[Opening Supplied data section]

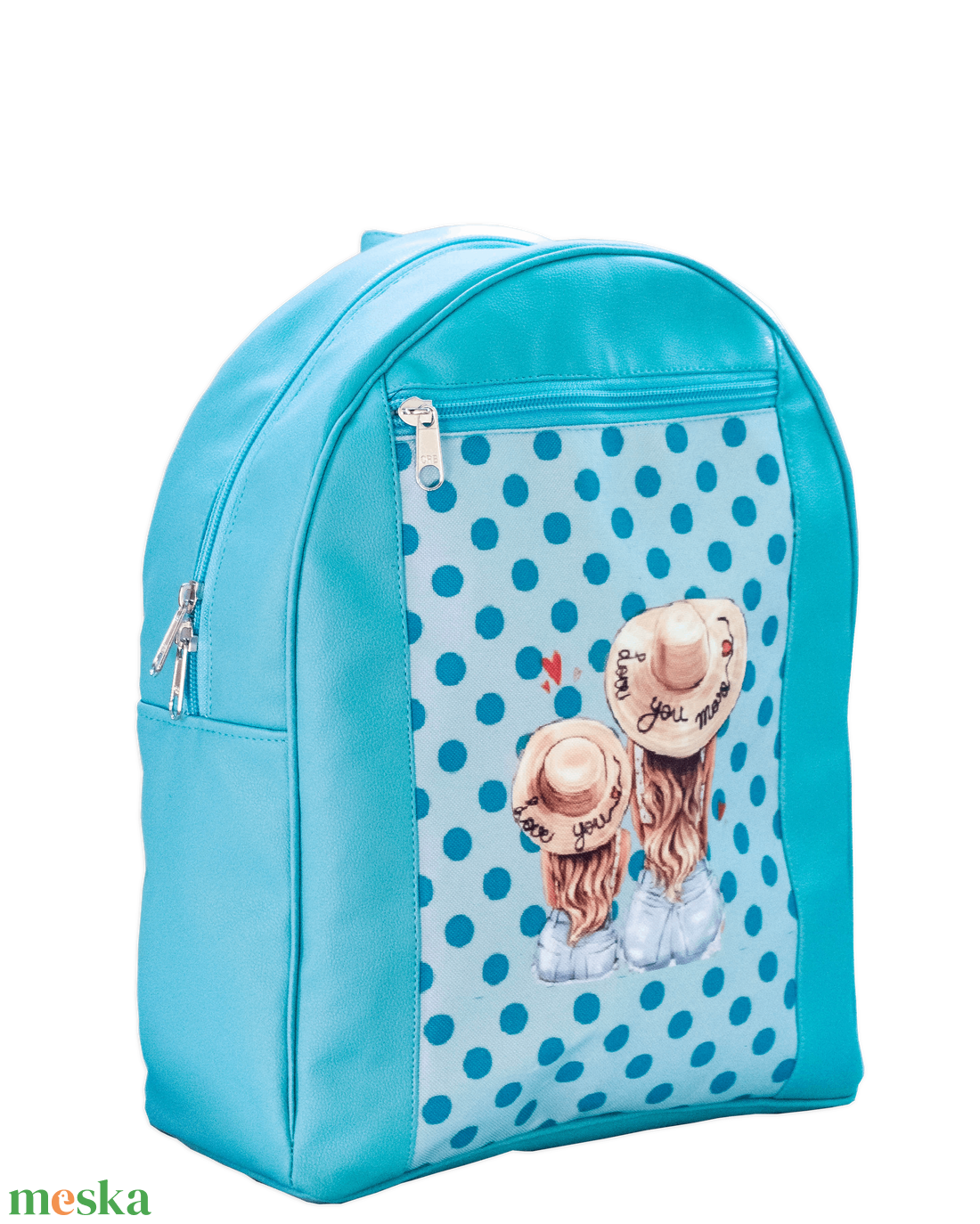 Világoskék hátizsák anya-lánya mintával - táska & tok - hátizsák - hátizsák - Meska.hu
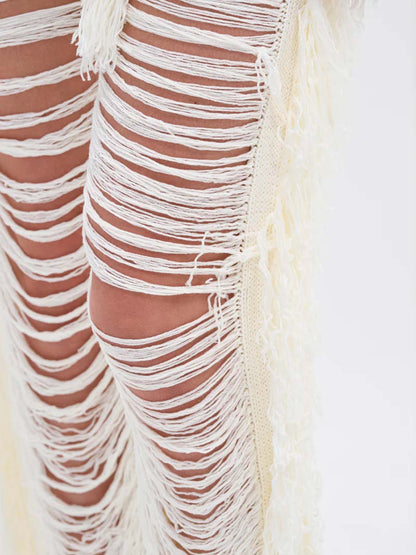 Sexy Fringed Knitted Two Pieces Set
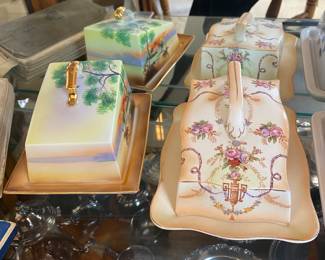 hand-painted ceramic butter dishes or cheese keepers.
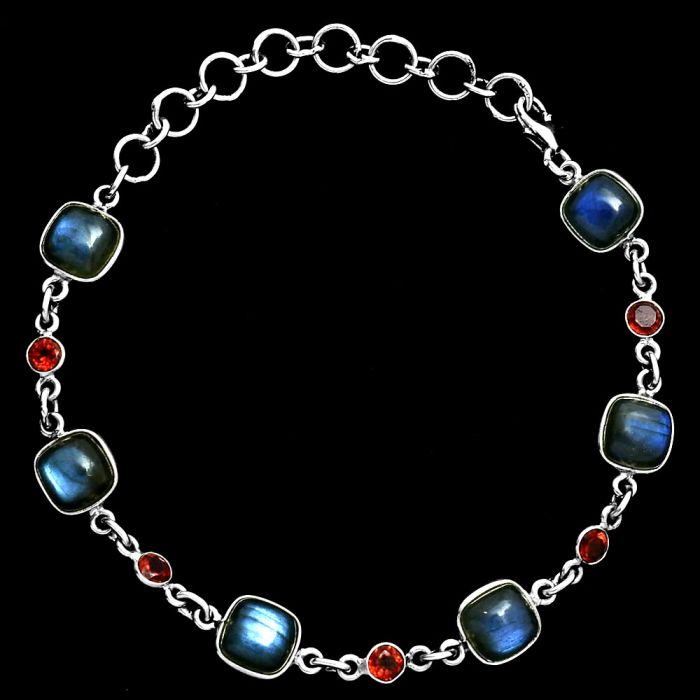 Blue Labradorite and Garnet Bracelet EXB01365 B-1006, 8x8 mm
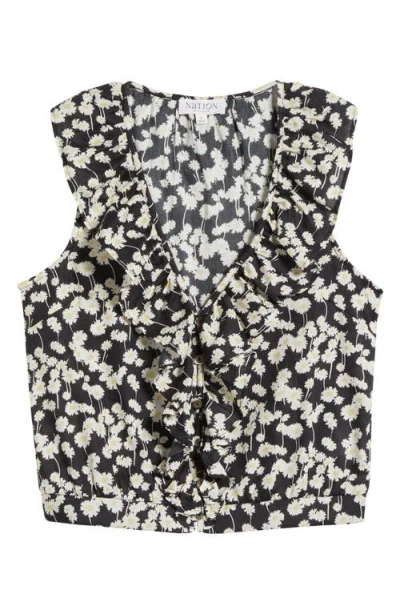Nation Ltd Ella Floral Ruffle Organic Cotton Button-up Tank In Multi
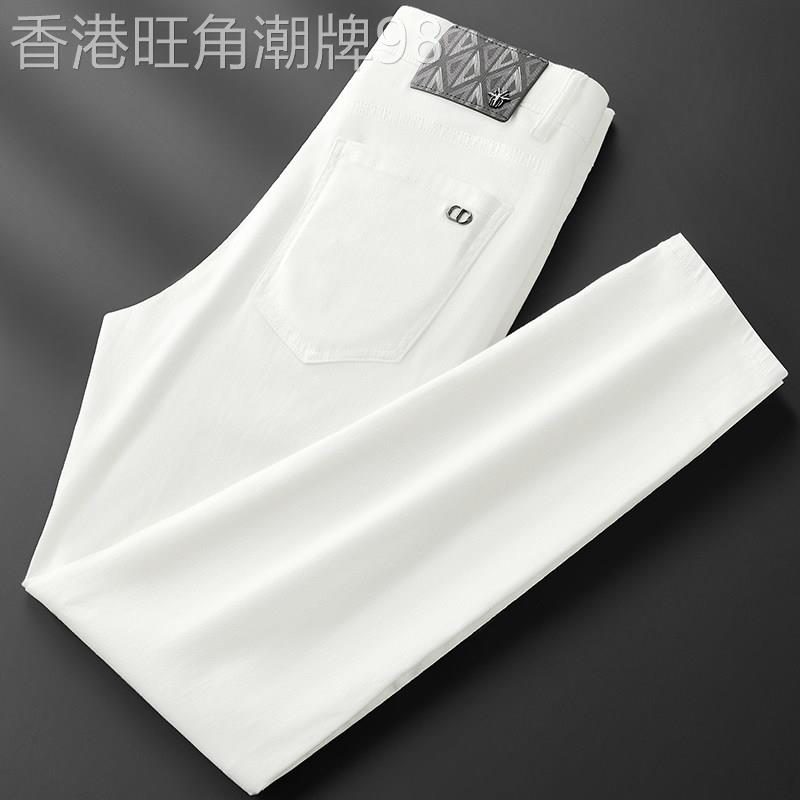 意大利高端莱赛尔白色牛仔裤男三防夏季修身小脚弹力休闲潮流长裤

[Closing Supplied data section]

Retype the full listing above precisely. Exclude each picture you find in it.

 Világoskék hátizsák anya-lánya mintával - táska & tok - hátizsák - hátizsák - Meska.hu
 Sexy Fringed Knitted Two Pieces Set
 hand-painted ceramic butter dishes or cheese keepers.
 Blue Labradorite and Garnet Bracelet EXB01365 B-1006, 8x8 mm
Nation Ltd Ella Floral Ruffle Organic Cotton Button-up Tank In Multi
 意大利高端莱赛尔白色牛仔裤男三防夏季修身小脚弹力休闲潮流长裤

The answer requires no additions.